Foi-se o verão sem que ninguém
ouvisse durante seus três meses uma única cigarra gritando o fim do dia. Da
mesma maneira estão passando esses investigados do Petrolão, sem que ninguém lhes
grite nos ouvidos as palavras certas, também desaparecidas como a voz das
cigarras.
São uns energúmenos!
Chegou a hora, diante do
despautério generalizado, de deixar de lado o bom gosto literário. As novas
normas dos manuais de redação estabelecem limites para o palavrório
jornalístico. Fazem muito bem. Mas diante dos últimos acontecimentos é preciso usar
as palavras gordas de outrora, aquelas que nos vêm de imediato, na fluidez
incontrolável do inconsciente coletivo, e, infelizmente, ninguém mais pronuncia.

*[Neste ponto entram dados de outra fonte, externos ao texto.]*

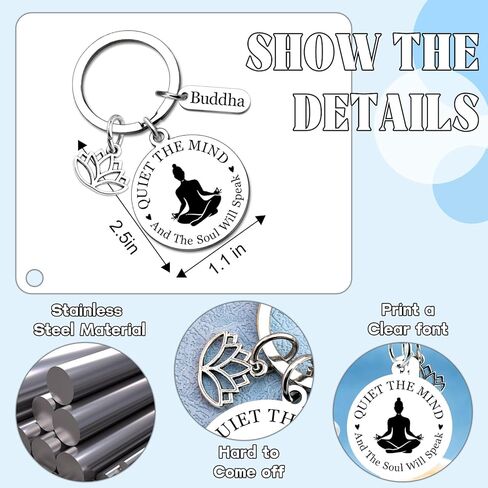 Yoga Gifts for Women Meditation Gifts for Women Yoga Instructor Gift Pilates Gift for Her Spiritual Zen Meditation Yogis Accessories for People with Anxiety keychain Lotus Jewelry Buddhist Present in Kuwait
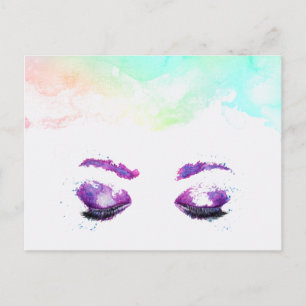 Carte Postale Aquarelle glamour aux yeux et aux bouillons pourpr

Sem essa de corrupção e malfeitos!
Isso que estamos vendo é um descalabro!
Não é um clube de empreiteiros! Trata-se
de um valhacouto de bandidos!
Uma das
ordens que envolvem o fazer da escrita é a necessidade de, antes de ela sair de
casa, antes de se publicar a coisa, passar um pente fino. Pentear a cabeleira
do vocabulário, da gramática, da ordem geral das concordâncias, para que tudo
brilhe glostoramente arrumado e não assuste o leitor. Compreende-se. É da
índole humana querer posar na moda, up to date, o topete cheio de metáforas e brylcreem
sintático. Todos sorriem, abraçados às borboletas nos parágrafos, para a glória
do selfie literário.
Há uma obsessão
generalizada de parecer moderno e, assim como se faz com o corpo, desidratar as
palavras, obrigá-las a uma dieta a que só sobreviverão as magricelas, as anoréxicas
de no máximo três sílabas. São palavras-manequins. Ficam bem na foto, secas, joãocabralinas,
mas na vida real ninguém quer comê-las, perdão, ninguém quer pronunciá-las,
pois não dão prazer, digo, não expressam a verdade sobre o mundo que ora se nos
apresenta.
Eu
compreendo Danton Jobim, Prudente de Moraes Neto e Pompeu de Souza, bravos
jornalistas que no final dos anos 1940 promoveram, diretamente da redação do
Diário Carioca, um enxugamento disciplinatório das expressões. Precisavam dar um
padrão comum ao texto, torná-lo menos adjetivoso, literoso e cabeludo. Ordenavam
ao copidesque que ceifassem coisas como “ladrão contumaz!”.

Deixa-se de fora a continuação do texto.